Fitting neatly into this last category is a work I admittedly don’t know much about, but which I keep coming back to as the most frightening work Dali ever painted, in my personal view: “Cannibalism of the Praying Mantis of Lautreamont” (1934).
This haunting little canvas was inspired by the strange, relatively plotless poetic poem by Lautreamont, called “Les Chants de Maldoror.” An internet source notes that it’s difficult to summarize the poem of six cantos because it doesn’t have a specific plot in the traditional sense, “and the narrative style is non-linear and often surrealistic.”
The work concerns the “misanthropic character of Maldoror, a figure of absolute evil who is opposed to God and humanity, and has renounced conventional morality and decency.” The tone is macabre and violent, and it’s no huge leap to see how Dali was drawn to such a provocative and controversial theme.
In “Cannibalism,” we see two figures that take on a human-like form of the praying mantis – itself a most peculiar and, to human thinking, a wretchedly violent creature, given that the female literally devours her mate after copulation. That’s surrealism in nature if ever it existed!
The mantis-like figure at left appears to be choking the opposing figure, while a piece of bloody excrement drapes over the left figure’s thigh, such as it is. A leg of meat stands nearby, propped up by a crutch festooned with a chop and a strip of bacon. It all appears in a kind of murky washed-out palette of sickly yellows/browns/blue.
But the terror sets in, for me anyway (and I literally find this work haunting) in the form of a strange little girl in a dress, over whom all the aforementioned imagery towers.

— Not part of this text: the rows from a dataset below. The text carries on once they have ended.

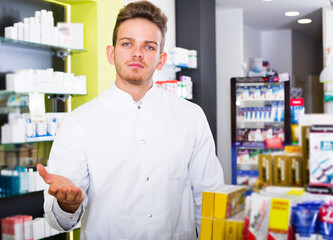 Young man pharmacist wearing uniform and working in pharmaceutical shop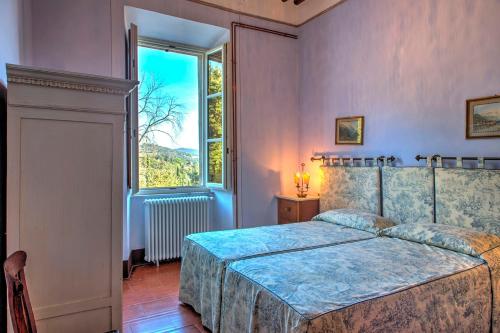 a bedroom with a bed and a large window at La Martinella 12, Emma Villas in Passignano sul Trasimeno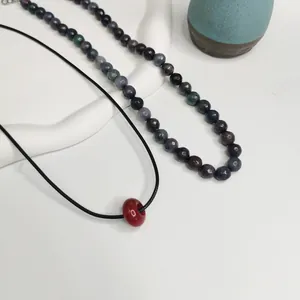 Vue détaillée d'un collier en perles de pierre naturelle et d'un pendentif rouge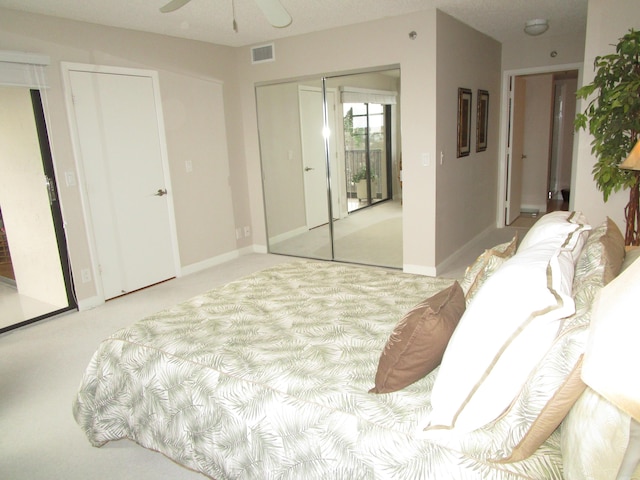 bedroom with light carpet and ceiling fan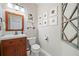 Charming powder room with wood vanity, framed art, and decorative mirror at 3376 Hickory Ln, Powder Springs, GA 30127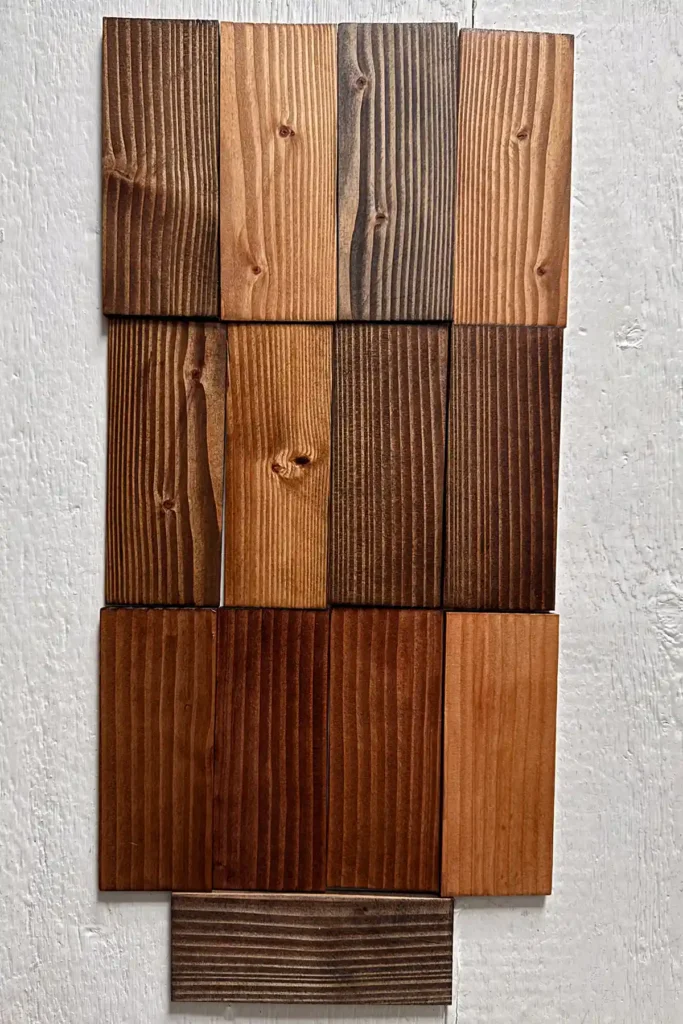 Testing all of the dark Minwax stains on samples of douglas fir wood; colors include Dark Walnut, Early American, Ebony, English Chestnut, Espresso, Honey, Jacobean, Mocha, Provincial, Red Mahogany, Red Oak, Special Walnut, and True Black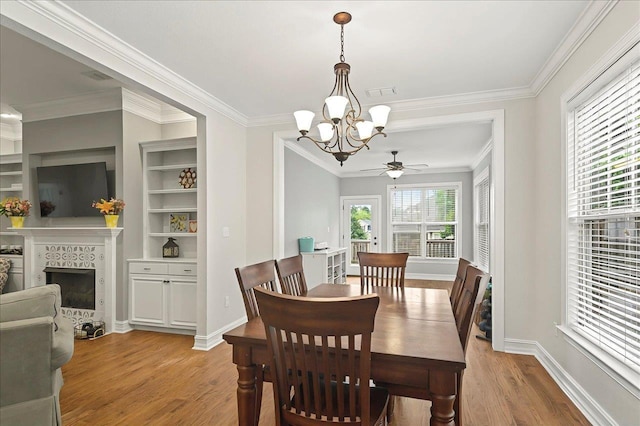 2617 Manassas Way, Tallahassee, FL 32312 - dining room with a chandelier, light wood-type flooring, ceiling fan, a fireplace with raised hearth, and ornamental molding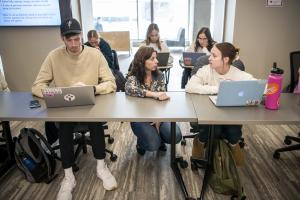 Faculty member kneels between two students using laptops. 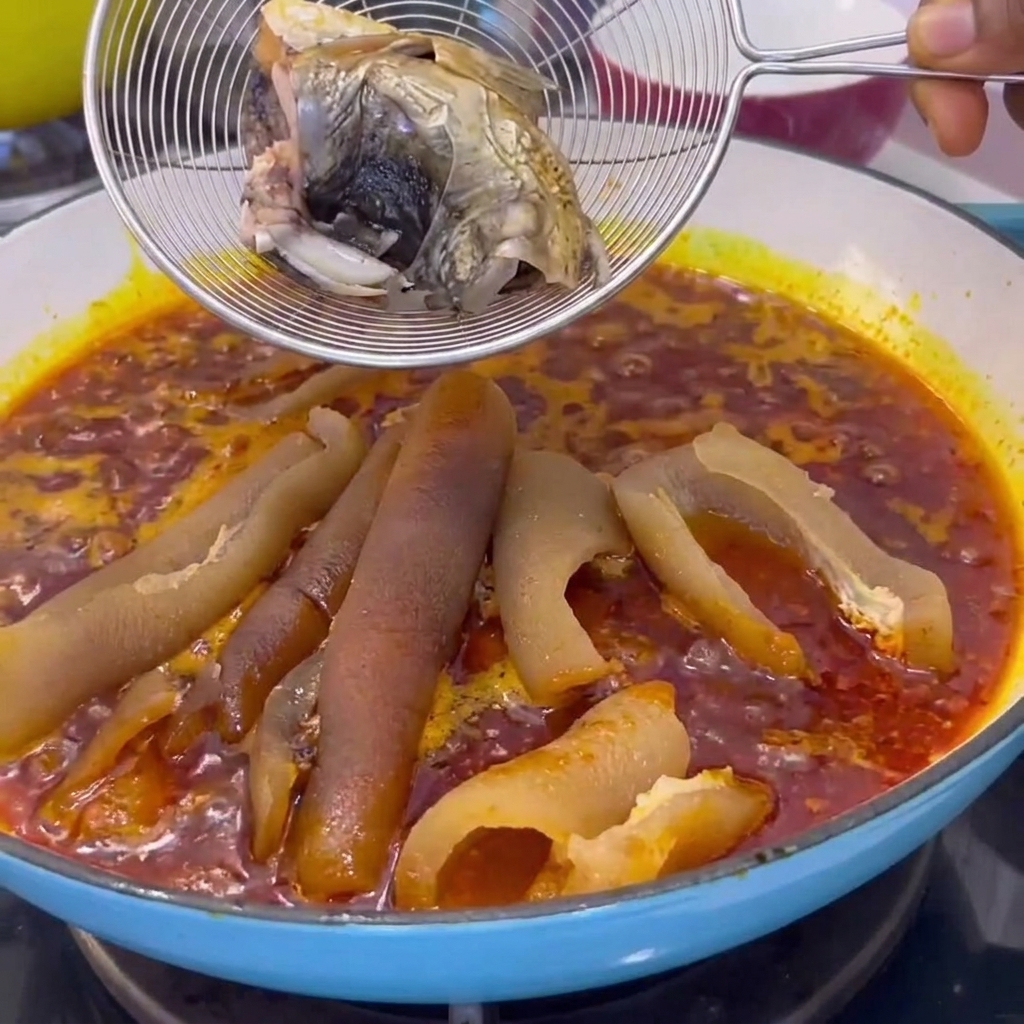Un colino a rete che tiene pezzi di pesce cotto abbassato in una pentola con salsa rossa che sobbolle e cotenna di maiale.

She has the look of a scary doll, yet still exudes a lifelike character. Why it is that creepy dolls – both male and female – make for some of the most terrifying images in horror movies, I don’t know. But here in this little-known Salvador Dali painting, that small figure of a child-doll just might send a shiver up some folks’ spines.
Somehow it pinches a raw nerve with me, which was surely Dali’s sinister intention!
Dali also did an impressive series of prints (engravings) inspired by Les Chants de Maldoror; the suite remains one of Dali’s finest efforts in that medium. They’re startling in their imagery and the technical proficiency with which they were executed.